Lunedì, 12 Gennaio 2026 11:46

2a Domenica T.O.

II Domenica Tempo Ordinario (anno A)  [18 Gennaio 2026]

 

Dio ci benedica e la Vergine ci protegga. Oggi inizia la settimana di preghiere per l’unità dei cristiani (18-25 gennaio) e riprende il Tempo Ordinario.

 

Prima Lettura dal libro del profeta Isaia (49,3...6)
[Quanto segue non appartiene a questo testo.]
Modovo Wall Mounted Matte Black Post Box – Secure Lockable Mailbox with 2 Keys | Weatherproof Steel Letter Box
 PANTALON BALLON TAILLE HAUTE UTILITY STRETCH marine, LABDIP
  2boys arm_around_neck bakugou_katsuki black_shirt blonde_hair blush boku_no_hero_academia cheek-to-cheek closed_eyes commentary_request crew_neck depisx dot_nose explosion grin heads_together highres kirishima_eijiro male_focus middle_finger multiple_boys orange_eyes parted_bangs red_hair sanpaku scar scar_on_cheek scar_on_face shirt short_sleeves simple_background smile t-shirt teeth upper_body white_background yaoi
Questo passo appartiene a un gruppo di quattro testi del profeta Isaia, chiamati i “Canti del Servo”. Essi risalgono al periodo drammatico dell’Esilio a Babilonia (VI secolo a.C.) e sono rivolti a un popolo scoraggiato, che arriva a chiedersi se Dio lo abbia dimenticato. Il profeta annuncia invece una parola decisiva: Israele è ancora il servo di Dio. L’Alleanza non è spezzata; Dio non solo non ha abbandonato il suo popolo, ma gli affida ancora una missione più grande. In questo canto il Servo non è un individuo particolare, ma il popolo di Israele nel suo insieme, come afferma chiaramente il testo: “Mio servo tu sei, Israele”. La sua vocazione è altrettanto chiara: manifestare la gloria di Dio. Questa gloria non è astratta, ma concreta: è l’opera di salvezza di Dio, qui identificata con il ritorno dall’esilio. La liberazione del popolo sarà la prova visibile che Dio è salvatore. Così, chi è stato salvato diventa testimone della salvezza davanti al mondo. Nella mentalità antica, la sconfitta e la deportazione di un popolo potevano sembrare il fallimento del suo Dio; la liberazione, invece, manifesterà ai popoli pagani la superiorità del Dio d’Israele. Essere “servo” significa quindi, da una parte, la certezza del sostegno di Dio, dall’altra, una missione: continuare a credere nella salvezza e a testimoniarla, affinché anche gli altri popoli riconoscano Dio come salvatore. Si comprende così l’annuncio finale: “Io ti renderò luce delle nazioni, perché porti la mia salvezza fino all’estremità della terra”. Il progetto di Dio non riguarda solo Israele, ma tutta l’umanità. Qui l’attesa messianica evolve profondamente: il Messia non è più un re individuale, ma un soggetto collettivo, il popolo di Israele, che non esercita un potere politico ma svolge una missione di servizio. Resta una difficoltà: se il Servo è Israele, come può “radunare Israele”? Isaia si rivolge in realtà al “Resto”, il piccolo gruppo dei fedeli che non ha perso la fede durante l’esilio. Questo Resto ha il compito di ricondurre il popolo a Dio, cioè di convertirlo. Ma questa è solo la prima tappa: il rialzarsi di Israele diventa il segno iniziale del progetto di salvezza universale. Infine, il profeta insiste sull’origine divina di questo messaggio: non è frutto di invenzione umana, ma parola del Signore. In mezzo allo scoraggiamento, risuona una confessione di fiducia umile e profonda: la forza del Servo non è in se stesso, ma in Dio.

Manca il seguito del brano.